In the second period, rates fell and house prices rose, increasing equity. While house prices rose higher than incomes, lower mortgage rates and looser lending criteria allowed borrowers to service larger mortgages and buyers to move up the ladder. 

Current conditions

This is all in contrast, the CML says, to current conditions that feature record-low interest rates, low-income growth, stringent lending criteria and elevated house prices compared to incomes. As a result, many households struggle to advance up the housing ladder, resulting in fewer transactions. 

It has identified 80 per cent of the missing 400,000 as mortgaged movers – those already on the housing ladder who are unable or unwilling to move largely due to insufficient equity or borrowing capacity. 

It points out that the number of mortgaged movers in 2016 is just above the 2009 low of 315,000. If their numbers had grown in line with the number of first-time buyers, there would have been some 600,000 of them in 2016. 

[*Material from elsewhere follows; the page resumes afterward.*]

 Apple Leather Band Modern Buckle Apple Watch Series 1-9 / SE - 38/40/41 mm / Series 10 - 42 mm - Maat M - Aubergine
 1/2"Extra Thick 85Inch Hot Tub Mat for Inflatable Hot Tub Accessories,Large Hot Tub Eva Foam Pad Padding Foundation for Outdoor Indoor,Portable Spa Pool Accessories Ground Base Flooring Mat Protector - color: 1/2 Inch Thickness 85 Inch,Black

The shortage is the main cause of the lower number of mortgage transactions.

The research identifies demographic as well as financial and economic factors behind the inertia in these homeowners. Chart 1 gives a breakdown and reasons why the numbers have fallen.

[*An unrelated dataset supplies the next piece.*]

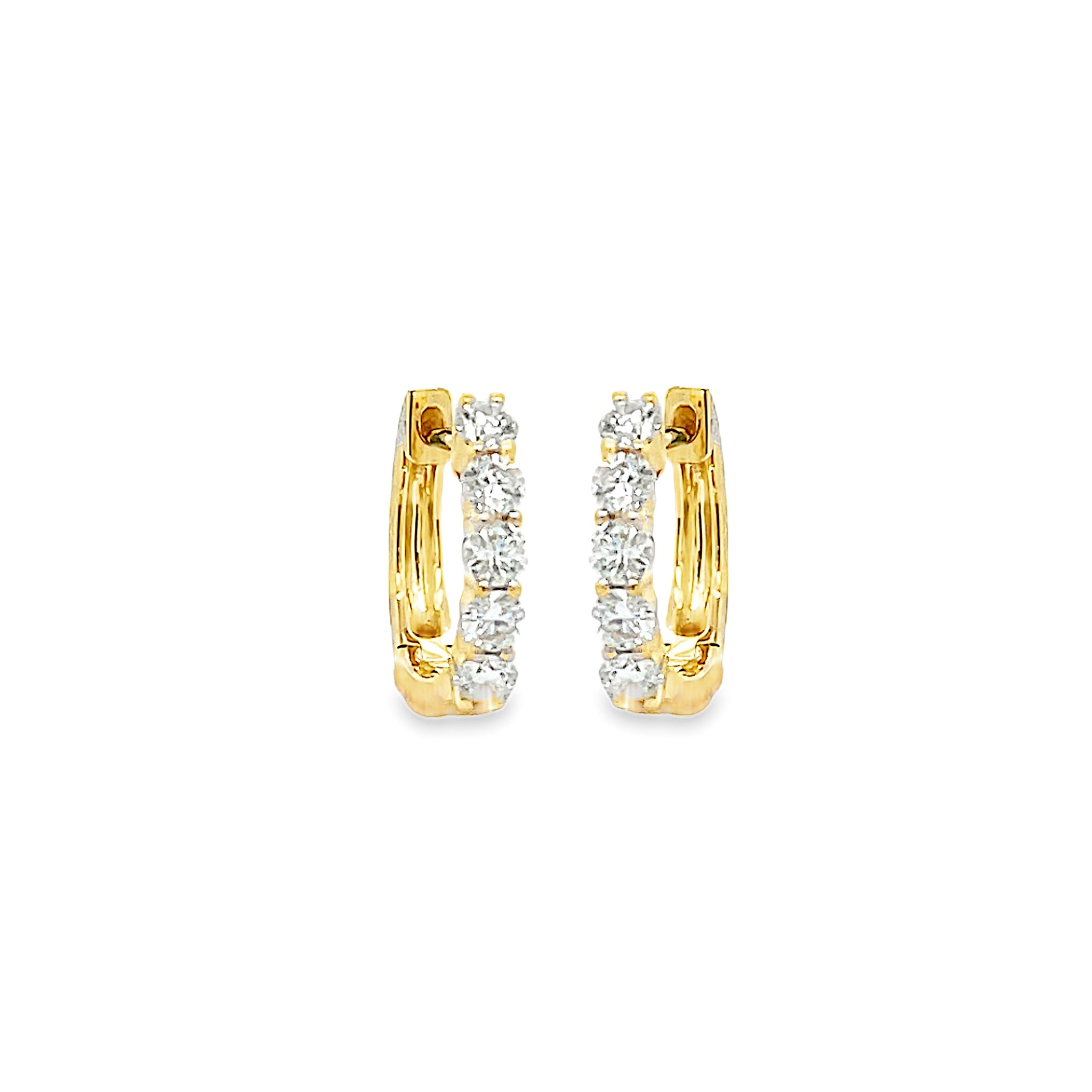 Small Diamond Huggie Earrings in 18k Yellow Gold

The CML suggests that 86 per cent of these mortgaged movers are aged between 30 and 59, but it believes that the biggest fall in transactions has taken place among the 14 per cent aged under 30, and that is largely due to the decline in the number of younger first-time buyers feeding through to become mortgaged movers.

Barriers to growth

So why is this important? The CML explains that because so few new houses are being built, liquidity in the secondary housing market is very important and accounts for 90 per cent of transactions. 

A low turnover among homemovers is “a barrier to an efficiently functioning housing market” . The lack of liquidity has economic and social costs: it restricts labour mobility, leading to reduced productivity, lower economic growth and weaker tax revenues. It also means householders’ aspirations are frustrated, so it may result in longer commutes and ultimately people living in the “wrong houses” for longer. 

The CML acknowledges that there is also “a complex mix of social, cultural, technological and other non-financial factors” involved. However, it also says the fact that the decline in turnover of privately owned homes followed two deep recessions suggests economic factors are playing a lead role.